EXTRACTED INFORMATION
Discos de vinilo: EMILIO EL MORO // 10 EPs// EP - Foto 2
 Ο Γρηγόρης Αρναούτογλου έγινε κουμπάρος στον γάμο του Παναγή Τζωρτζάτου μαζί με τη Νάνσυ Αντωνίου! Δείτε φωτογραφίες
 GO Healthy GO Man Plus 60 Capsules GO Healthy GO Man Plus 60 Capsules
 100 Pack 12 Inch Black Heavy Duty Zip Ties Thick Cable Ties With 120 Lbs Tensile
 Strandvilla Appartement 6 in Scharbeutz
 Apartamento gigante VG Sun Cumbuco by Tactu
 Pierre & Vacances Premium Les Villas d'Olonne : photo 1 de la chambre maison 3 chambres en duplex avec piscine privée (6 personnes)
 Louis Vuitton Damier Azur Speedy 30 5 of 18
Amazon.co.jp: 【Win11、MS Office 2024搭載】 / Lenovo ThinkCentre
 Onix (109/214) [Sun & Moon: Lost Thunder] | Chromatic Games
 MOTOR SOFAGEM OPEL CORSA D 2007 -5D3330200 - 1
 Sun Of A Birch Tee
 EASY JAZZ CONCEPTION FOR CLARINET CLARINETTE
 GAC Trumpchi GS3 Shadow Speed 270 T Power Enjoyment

YOUR TASK
Everything from the line containing "Amazon.co.jp: 【Win11、MS Office" through the final line of the listing, inclusive, must be reproduced exactly; leave out the rest.

RESULT OF THIS EXERCISE
Amazon.co.jp: 【Win11、MS Office 2024搭載】 / Lenovo ThinkCentre
 Onix (109/214) [Sun & Moon: Lost Thunder] | Chromatic Games
 MOTOR SOFAGEM OPEL CORSA D 2007 -5D3330200 - 1
 Sun Of A Birch Tee
 EASY JAZZ CONCEPTION FOR CLARINET CLARINETTE
 GAC Trumpchi GS3 Shadow Speed 270 T Power Enjoyment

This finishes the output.